→ **TASK INSTRUCTIONS**: From the entries below, copy out all lines holding "Foto".
╭──
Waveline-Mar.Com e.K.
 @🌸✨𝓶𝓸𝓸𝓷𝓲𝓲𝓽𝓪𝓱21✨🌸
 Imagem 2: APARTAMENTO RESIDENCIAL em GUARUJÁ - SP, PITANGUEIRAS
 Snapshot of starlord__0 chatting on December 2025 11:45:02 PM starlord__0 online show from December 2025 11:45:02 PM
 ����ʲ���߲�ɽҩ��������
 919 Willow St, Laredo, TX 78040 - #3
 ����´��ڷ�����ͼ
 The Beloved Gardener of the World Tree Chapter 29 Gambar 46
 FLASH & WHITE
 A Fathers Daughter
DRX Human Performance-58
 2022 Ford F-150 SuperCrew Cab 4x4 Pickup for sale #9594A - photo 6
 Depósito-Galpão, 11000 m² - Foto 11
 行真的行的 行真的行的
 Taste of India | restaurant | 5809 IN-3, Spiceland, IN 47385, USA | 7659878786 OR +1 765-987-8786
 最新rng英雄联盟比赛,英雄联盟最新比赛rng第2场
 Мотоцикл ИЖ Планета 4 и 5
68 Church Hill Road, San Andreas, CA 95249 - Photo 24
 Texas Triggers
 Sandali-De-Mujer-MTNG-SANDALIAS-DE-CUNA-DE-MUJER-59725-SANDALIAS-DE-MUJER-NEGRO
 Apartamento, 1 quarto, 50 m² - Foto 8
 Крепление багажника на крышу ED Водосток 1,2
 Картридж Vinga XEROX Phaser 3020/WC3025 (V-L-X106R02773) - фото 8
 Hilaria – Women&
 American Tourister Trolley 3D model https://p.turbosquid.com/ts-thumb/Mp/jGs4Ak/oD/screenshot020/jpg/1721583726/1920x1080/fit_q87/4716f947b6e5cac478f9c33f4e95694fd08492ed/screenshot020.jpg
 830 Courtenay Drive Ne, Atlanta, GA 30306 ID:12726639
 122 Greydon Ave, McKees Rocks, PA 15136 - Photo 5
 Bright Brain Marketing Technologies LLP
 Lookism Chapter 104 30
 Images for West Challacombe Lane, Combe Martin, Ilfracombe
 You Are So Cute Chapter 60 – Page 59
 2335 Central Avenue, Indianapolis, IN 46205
╰──
→ **REPLY TO THE EXERCISE**:
 Depósito-Galpão, 11000 m² - Foto 11
 Apartamento, 1 quarto, 50 m² - Foto 8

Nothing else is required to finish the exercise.